Kapitel 30 Tief in Marcus Kopf

Marcus lag auf dem Rücken, sein dicker, harter Schwanz tief in Laura vergraben, während Carla hinter ihr kniete und beide Frauen sich leidenschaftlich küssten.

Das kann nicht real sein.

Der Gedanke kreiste immer wieder in seinem Kopf, während er Lauras Hüften festhielt und von unten in sie stieß. Ihre enge, nasse Fotze umklammerte ihn bei jedem Stoß.

Meine Frau… und Carla. Beide gleichzeitig. Auf mir. Mit mir.

Laura stöhnte laut, als Carla ihre Brüste von hinten massierte und ihre Klitoris rieb. Marcus sah, wie die großen, schweren Brüste von Carla gegen Lauras Rücken drückten, wie ihre Nippel hart waren.

Ich bin im Himmel. Oder im Paradies. Oder einfach nur im besten feuchten Traum meines Lebens.

Er spürte jede Bewegung: Lauras rhythmisches Reiten, Carlas Finger, die immer wieder seine Eier oder die Stelle berührten, wo sein Schwanz in Laura verschwand. Die Geräusche – das nasse Klatschen, das Stöhnen der beiden Frauen, ihre Küsse – machten ihn fast wahnsinnig.

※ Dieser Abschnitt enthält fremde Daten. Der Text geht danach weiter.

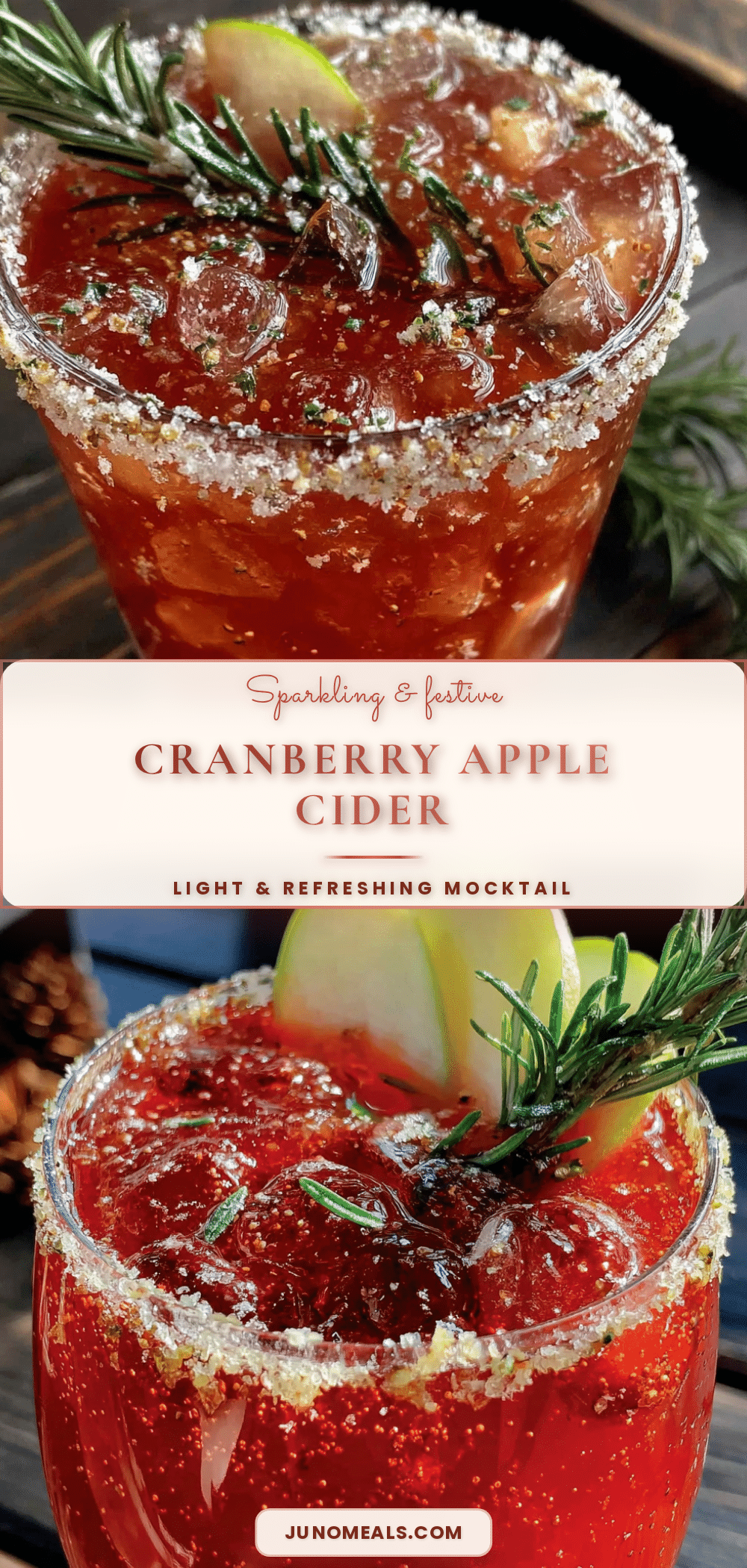 sparkling cranberry apple cider mocktail recipe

Noch vor ein paar Wochen konnte ich kaum einen hochkriegen. Und jetzt habe ich zwei geile Frauen auf mir. Laura, die ich liebe… und Carla, diese kurvige Sexbombe, die meinen Schwanz wieder richtig zum Leben erweckt hat.

Er griff mit einer Hand nach oben und umfasste eine von Carlas riesigen Brüsten, knetete sie gierig. Die weiche, schwere Masse in seiner Hand fühlte sich unglaublich an.

Ich liebe Lauras Körper. Aber Carlas Kurven… diese weichen, dicken Schenkel, dieser Bauch, diese unglaublichen Titten… das macht mich so geil.

Laura kam zuerst. Ihr ganzer Körper spannte sich an, sie drückte sich fest auf seinen Schwanz und zuckte heftig. Marcus spürte, wie ihre Muskeln ihn melkten.

Ja… komm für mich, Schatz.

Carla küsste Laura weiter, während diese kam, und sah Marcus dabei direkt in die Augen. Dieses wissende, lüsterne Lächeln brachte ihn fast um den Verstand.

Die beiden wollen mich fertigmachen. Und ich lasse es gerne zu.

Er spürte, wie sich sein eigener Orgasmus aufbaute – tief und unaufhaltsam. Die Bilder, die Geräusche, die Gefühle von zwei Frauenkörpern auf ihm waren zu viel.

Ich liebe das. Ich liebe meine Frau. Und ich liebe, was diese Reha aus mir gemacht hat.

Mit einem tiefen, langen Stöhnen kam er in Laura. Kräftige, heiße Schübe pumpten aus ihm heraus, während beide Frauen ihn weiter verwöhnten – Laura mit ihrer zuckenden Fotze, Carla mit ihren Händen und Küssen.

Marcus lag danach schwer atmend da, die beiden Frauen links und rechts neben ihm. Er streichelte ihre Körper, noch immer nicht ganz begreifend, was gerade passiert war.

Das war mit Abstand der geilste Moment meines Lebens.